### WHAT YOU WILL DO
In the entries below, find the line with "#๋ฝ๊ทธ๋ฆฌ์ผ๐ถ๐พ์ํ๋ฃจ" and the line with "Tauernscheckenziegen / Tauernsheck"; copy them and every line between them exactly, but not the pictures.
INPUT DATA START
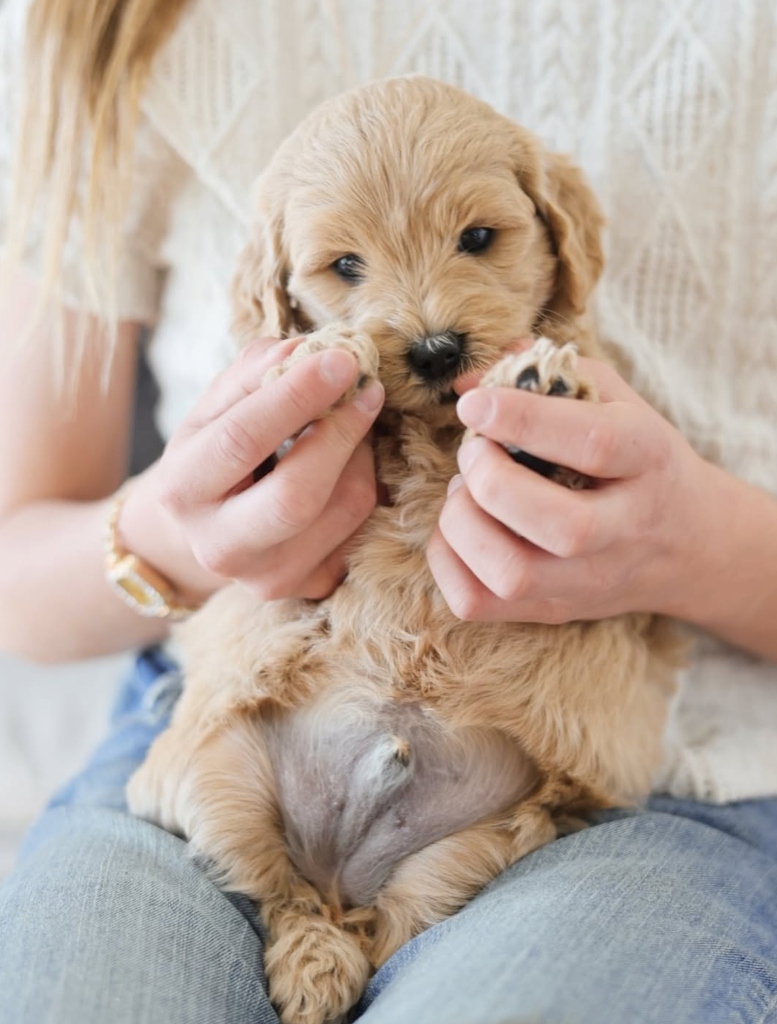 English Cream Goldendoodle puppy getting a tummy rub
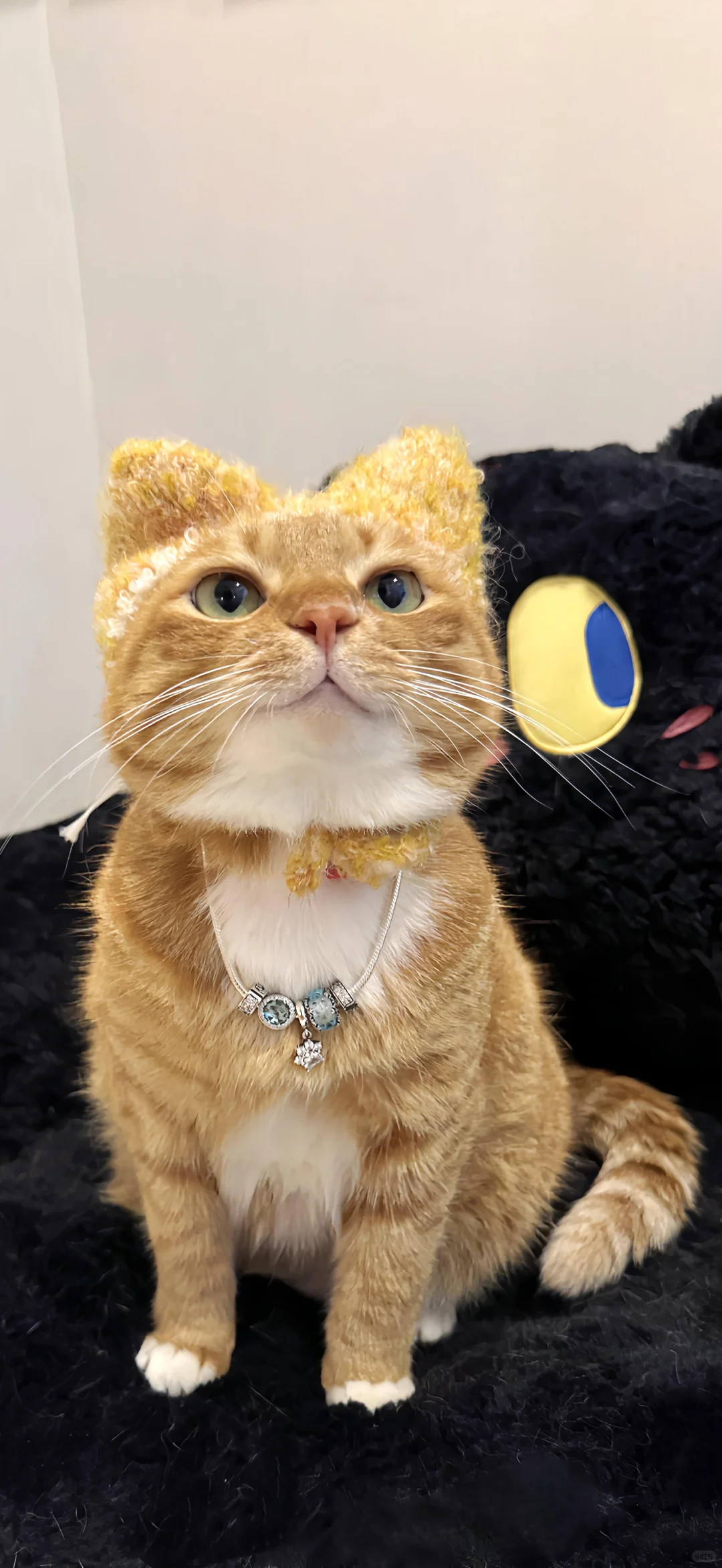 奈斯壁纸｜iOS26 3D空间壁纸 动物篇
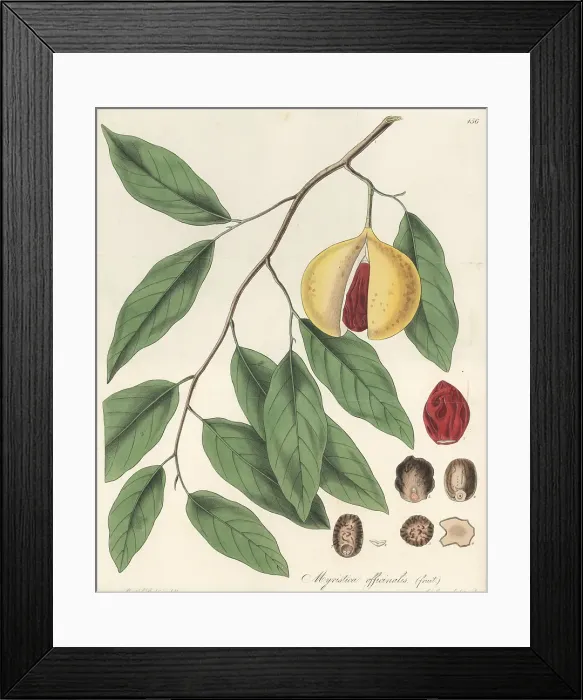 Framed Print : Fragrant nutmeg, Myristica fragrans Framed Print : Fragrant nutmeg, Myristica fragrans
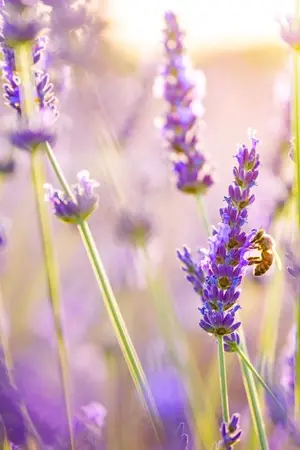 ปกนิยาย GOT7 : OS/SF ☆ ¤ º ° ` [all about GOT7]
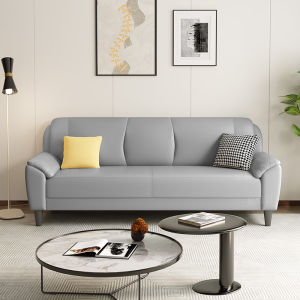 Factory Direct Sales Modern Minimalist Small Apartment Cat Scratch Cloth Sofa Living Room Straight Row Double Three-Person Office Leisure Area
INPUT DATA END
INPUT DATA START
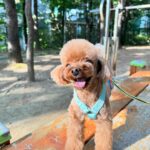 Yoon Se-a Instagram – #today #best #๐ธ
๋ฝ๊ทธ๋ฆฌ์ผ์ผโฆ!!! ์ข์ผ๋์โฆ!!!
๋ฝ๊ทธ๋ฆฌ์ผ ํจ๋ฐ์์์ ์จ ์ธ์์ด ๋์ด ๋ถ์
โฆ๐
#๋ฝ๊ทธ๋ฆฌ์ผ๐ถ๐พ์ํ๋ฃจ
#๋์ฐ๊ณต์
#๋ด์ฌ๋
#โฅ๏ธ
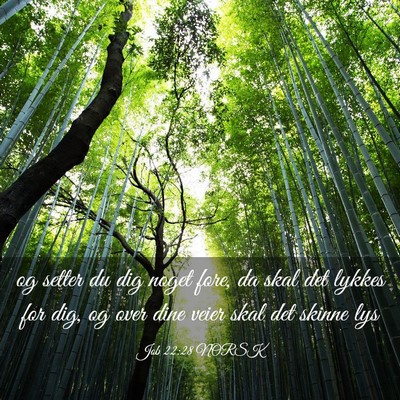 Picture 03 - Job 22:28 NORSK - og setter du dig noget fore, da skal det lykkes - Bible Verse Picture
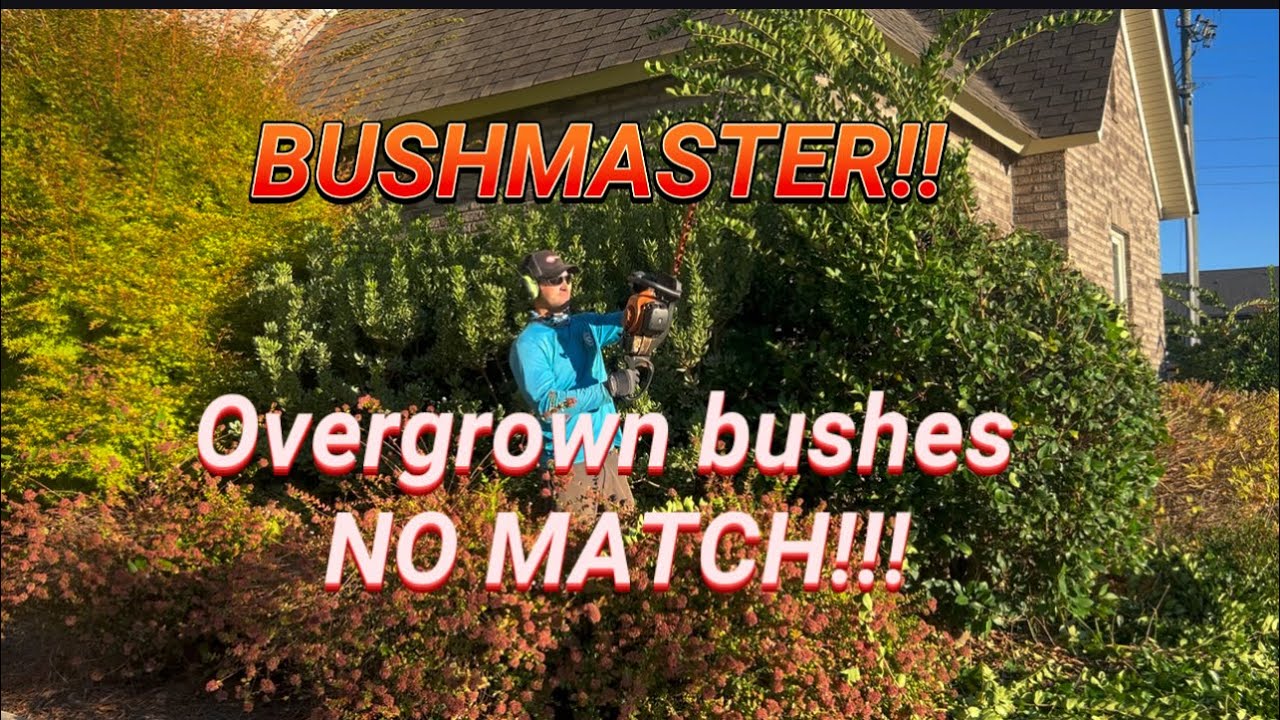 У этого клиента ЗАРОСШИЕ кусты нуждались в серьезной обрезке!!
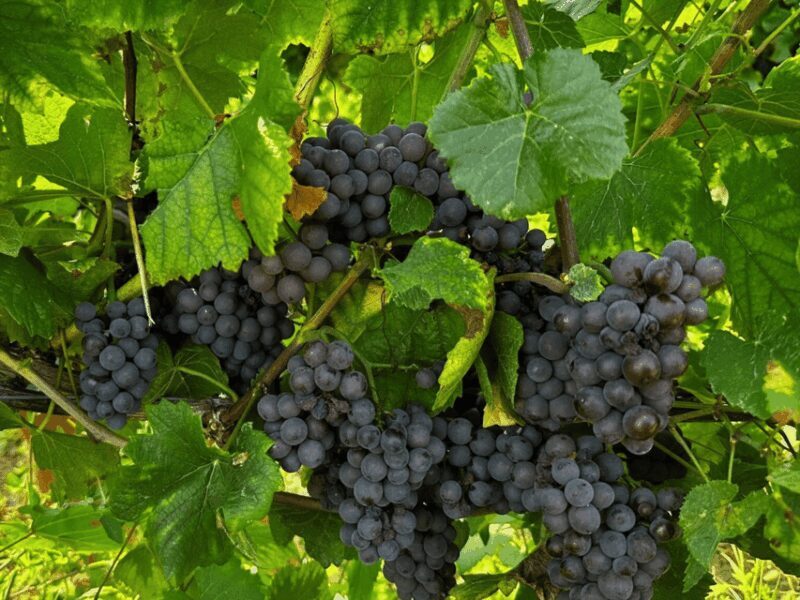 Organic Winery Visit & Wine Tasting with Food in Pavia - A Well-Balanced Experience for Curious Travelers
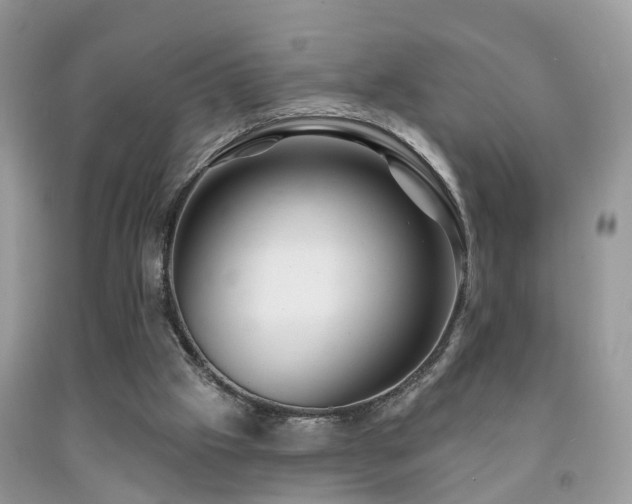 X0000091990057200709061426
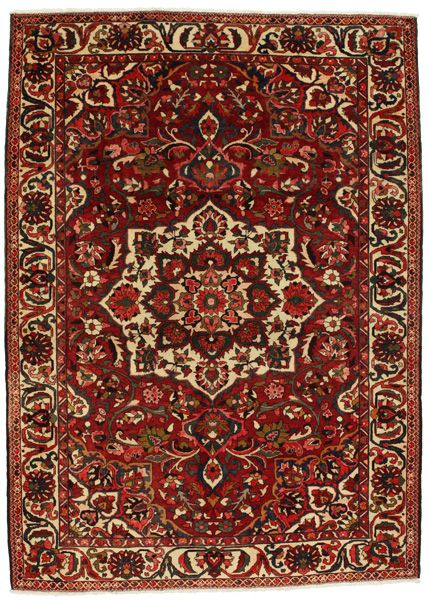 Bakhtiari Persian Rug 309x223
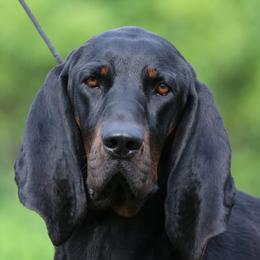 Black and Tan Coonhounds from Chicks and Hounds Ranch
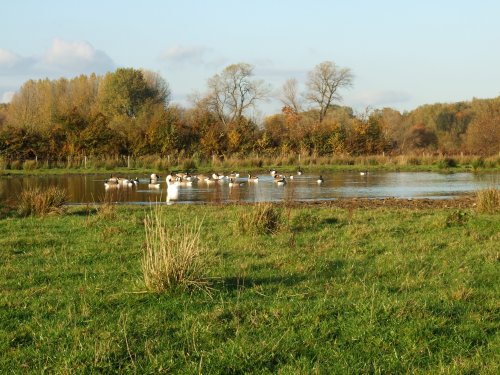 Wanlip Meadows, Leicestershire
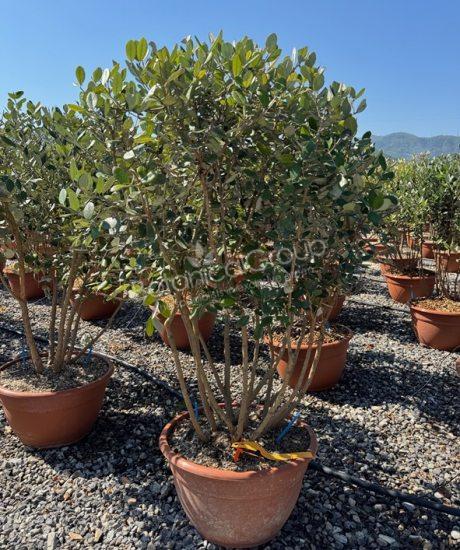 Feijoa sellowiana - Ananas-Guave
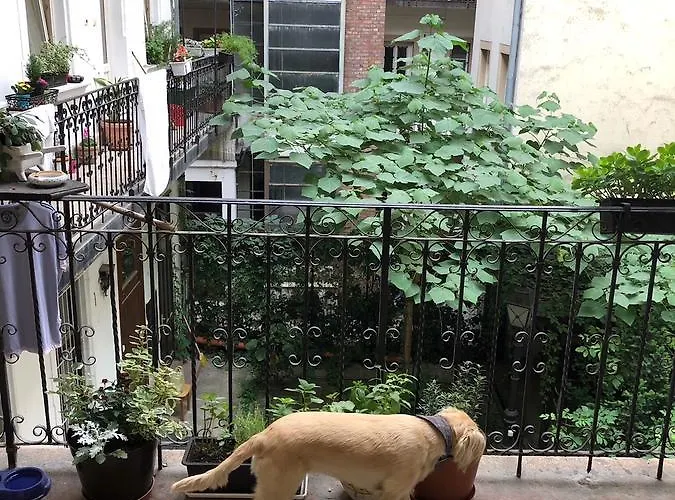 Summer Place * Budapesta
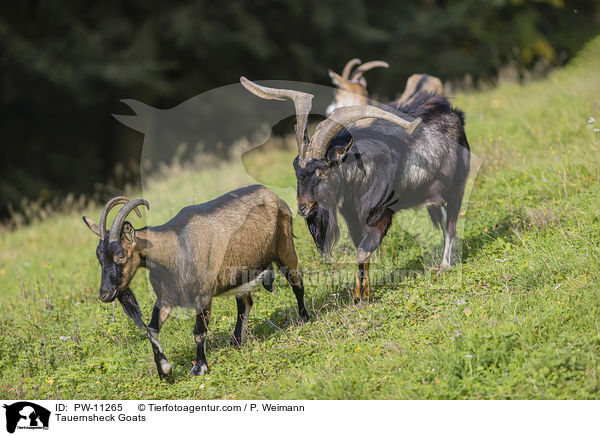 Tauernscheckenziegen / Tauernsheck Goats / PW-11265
INPUT DATA END
### WRITTEN RESPONSE
#๋ฝ๊ทธ๋ฆฌ์ผ๐ถ๐พ์ํ๋ฃจ
#๋์ฐ๊ณต์
#๋ด์ฌ๋
#โฅ๏ธ
 Picture 03 - Job 22:28 NORSK - og setter du dig noget fore, da skal det lykkes - Bible Verse Picture
 У этого клиента ЗАРОСШИЕ кусты нуждались в серьезной обрезке!!
 Organic Winery Visit & Wine Tasting with Food in Pavia - A Well-Balanced Experience for Curious Travelers
 X0000091990057200709061426
 Bakhtiari Persian Rug 309x223
 Black and Tan Coonhounds from Chicks and Hounds Ranch
 Wanlip Meadows, Leicestershire
 Feijoa sellowiana - Ananas-Guave
 Summer Place * Budapesta
 Tauernscheckenziegen / Tauernsheck Goats / PW-11265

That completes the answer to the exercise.